On the other hand, although a particular workplace may not be inherently dangerous, the stress of the job can still cause injury and illness to employees. In situations where stress has caused a workplace injury, one may wonder whether workers’ compensation is available to injured party. One New York court has recently addressed this issue.
In this case, a man was working as the manager for a grocery store on a Super Bowl Sunday. During his shift, he got into a fight with an unsatisfied customer. Hours after the altercation with the customer, while still at work, the man suffered a heart attack and died as a result. His widow then filed for workers’ compensation death benefits. She claimed that the stress of the fight with the customer and the stress of running the store on such a busy day caused the heart attack and his subsequent death.
When a Workers’ Compensation Law Judge denied coverage to the man’s widow, the case was appealed. The Workers’ Compensation Board and the New York Appeals Court both sided with the woman. The court claimed that since the stress of the altercation likely caused the heart attack, the death could be considered work related, even though the fight occurred hours before his death.

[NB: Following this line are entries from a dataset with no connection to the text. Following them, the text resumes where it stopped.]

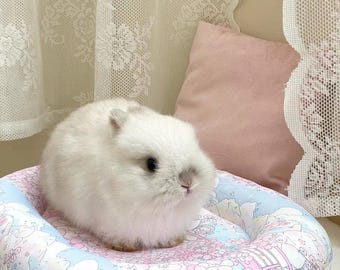Rabbit Bed Supportive Soft Colourful Tough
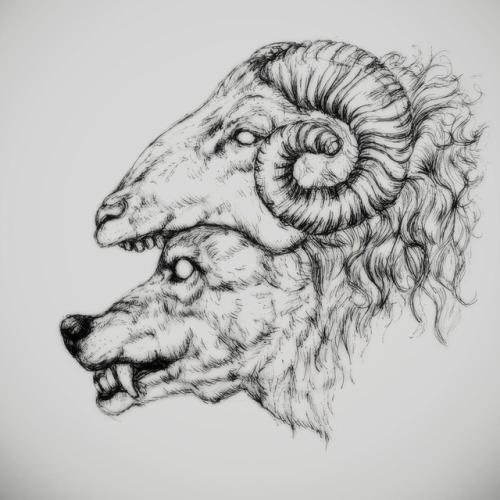 500x500 Black Sheep Tattoo Tumblr - Black Sheep Sketch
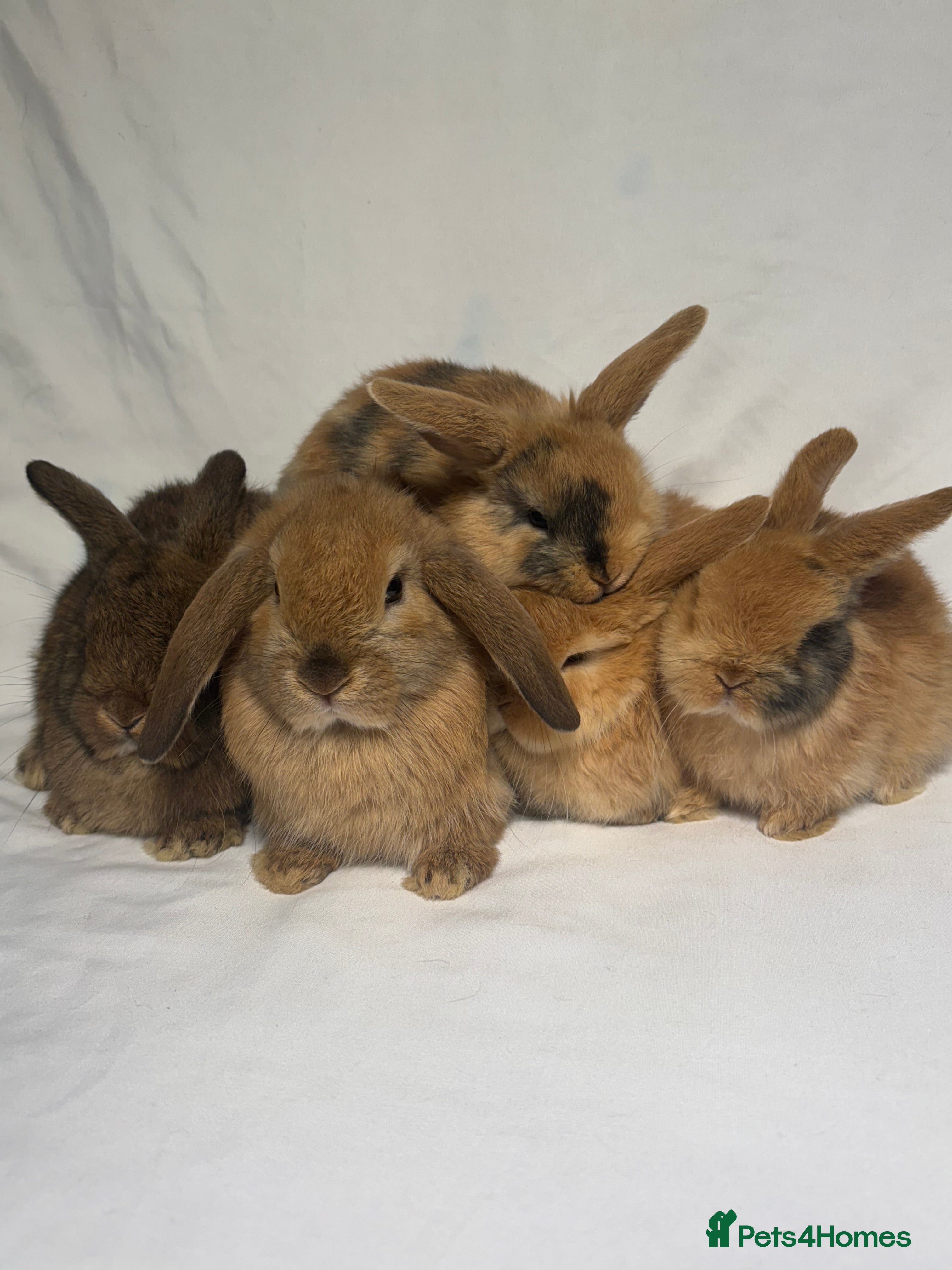 Mixed Breed rabbits 5 female holland lop cross ginger/brown bunnies - Advert 14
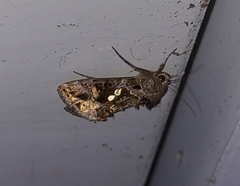 Chrysodeixis includens
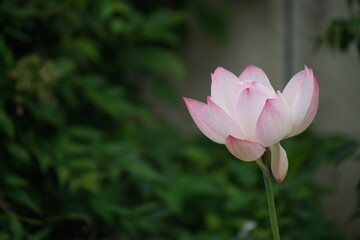 Fototapeta premium 京都の東山の大蓮寺の白蓮花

This ruling could open up the possibility for other workers to receive compensations for work related injuries or illnesses caused by stress. The widow’s efforts prove how important it is to be persistent in workers’ compensation cases, and not to simply give up when an employer denies benefits. Though the loss of her husband is still undoubtedly painful to the woman, at least she will not have to suffer the added financial strain brought on by the man’s untimely death.